I wonder if Starmer and Reeves will attend any of the funerals of the elderly who die from hypothermia or hunger during the cold winter months. Will they venture into the countryside to attend services ‘celebrating’ the lives of dedicated elderly working farmers who will unexpectedly perish following on farm fatal accidents as March 2026 looms, as has been predicted.
In a final act of defiance, desperate farmers who know they will not survive the required seven years to avoid their successors having to pay 20 per cent inheritance tax on the value of their farm’s worth more than £1 million, (most are). Shame on these spiteful Labour politicians sitting in their gilded London cages in their designer clothes paid for by the PMs mate Lord Ali.
Perhaps it is time for politicians to experience life on a proper working family farm. Get up at 4am to milk cows, go out in all weathers checking livestock and mending fences brought down by local vandals or the extreme weather. Take livestock to markets or abattoirs; for some farmers this can be a round trip of two to three hours or more.
Worry about harvesting crops as they watch the rain lashing down in the summer and look at the books which show very little financial returns if any, after removing the cost of production, fixed costs, insurance, fuel, fertiliser, labour, NI and Tax.

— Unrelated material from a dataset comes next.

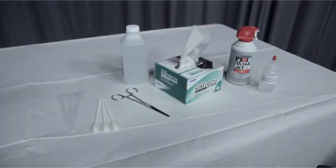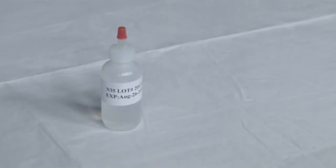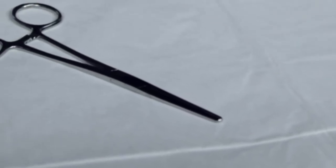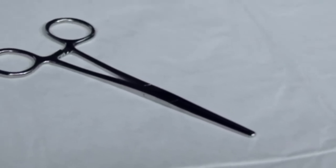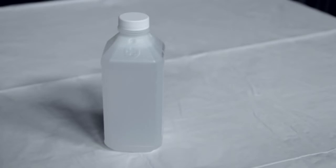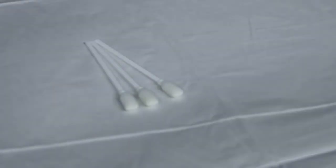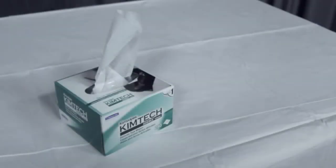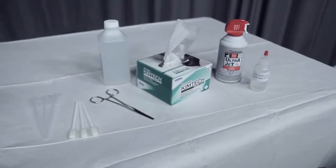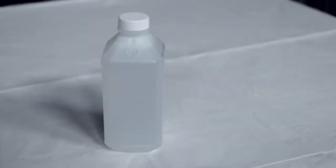You will need the following supplies to test the sample: a sample, a pipette, the forceps provided in the accessory kit — please avoid needle nose pliers that gouge the stainless steel surface of the measurement chamber — a charged canister of clean gas for blowing the sensor out, a solvent (in this video we are using isopropanol alcohol), foam tipped swabs, and lint free tissues. These supplies are all included in the VSCOLAB accessories kit except for the sample, gas, and solvent.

Perhaps then weigh that all up and then explain how any farmer can be expected to pay Inheritance Tax of 20 per cent of the value of the farm, farmhouse, farm buildings, live and dead stock, machinery, and land.
Does the successor sell the farmhouse and buy a caravan? Do they sell land to developers or city traders escaping to the country. What will happen over the decades ahead as gradually more and more productive land disappears under tarmac and concrete, wind turbines, solar panels, or is rewilded or just abandoned? Who will provide the food to fill the supermarket shelves then?

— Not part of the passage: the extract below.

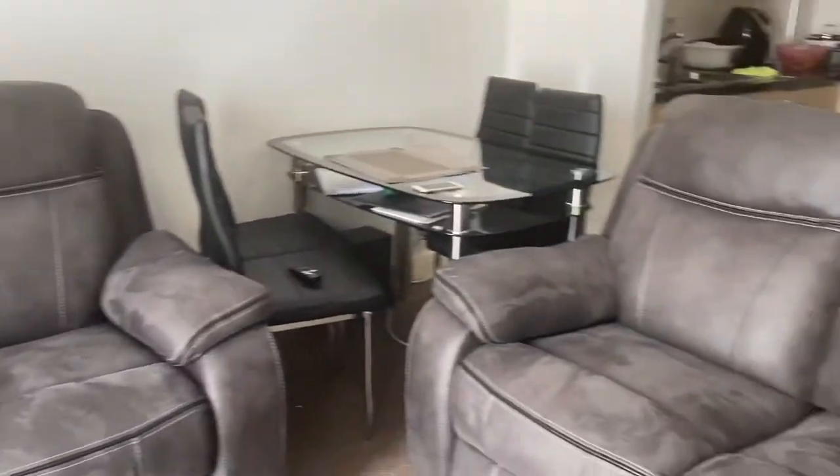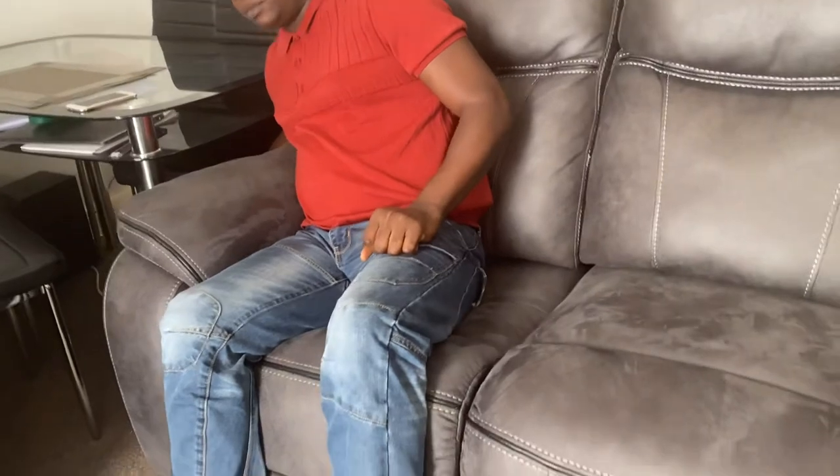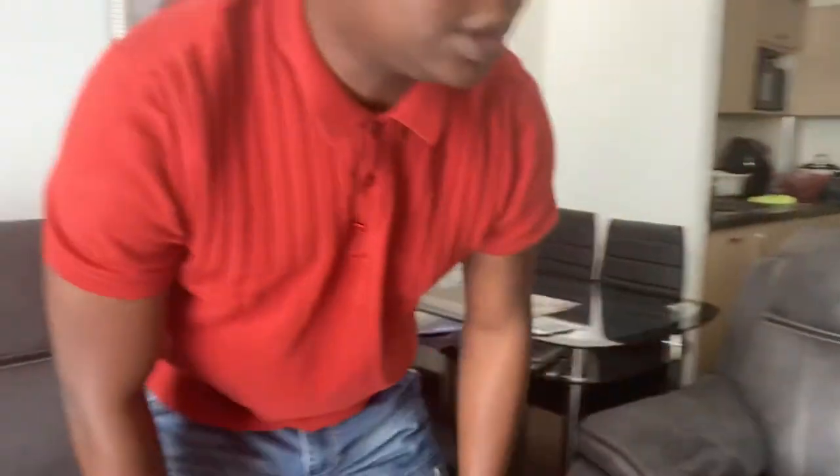The other problem I have is with one of the recliners on the three-seater. It has two recliners — I'll show you: pressing the button on this side is not responding at all, but if you press the button on the other side, you can see that this one is responding. The sofa was actually delivered with one of the recliners not working, which DFS acknowledged, saying they would change the three-seater for me.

There is also the worry within the industry over the impact of future trade deals, substandard food imports and the recent sudden removal of farming grants. Is it any wonder that it is not only the countryside which is rising up and considering ways to make this calamitous government listen. Five more years of their self-destruct policies which are already crippling industry, small businesses, the environment and discouraging innovation and investment.
Tom Harris retells the comedian Bill Bailey’s view of how Ed Miliband’s role as leader of the Labour Party came about by comparing him to a plastic bag stuck in a tree: no one knows how it got there, and nobody can be bothered bringing it down. He believes the Prime Minister is sending out similar ‘plastic bag’ vibes as his predecessor and predicts that Starmer’s lack of personality and common sense will not get him to the end of this parliament. Time will tell.
Whilst mentioning Ed Miliband, when is he going to give the green light to the SMR (Small Modular Reactor) industry? What is he waiting for as Rolls Royce SMR, EDF, GE-Hitachi Nuclear Energy, Westinghouse Electric Company, NuScale Power and Holtec Britain have been ready to move forward since last year to enable the UK to lead the global race to develop cutting-edge technologies to rapidly deliver cleaner, cheaper energy and greater energy security. The previous government were poised to award contracts, but Miliband seems wedded to covering thousands of square miles of farmland with questionable solar panels and wind turbines, all of which have a short life span and the carbon cost for manufacturing, importing and then decommission them is eye watering.
The Conservative government’s plan was for up to a quarter of all UK electricity to come from nuclear power by 2050 and to deliver operational SMRs by the mid-2030s. Have I missed something, have any of these companies been awarded contracts, does Miliband really have a plan?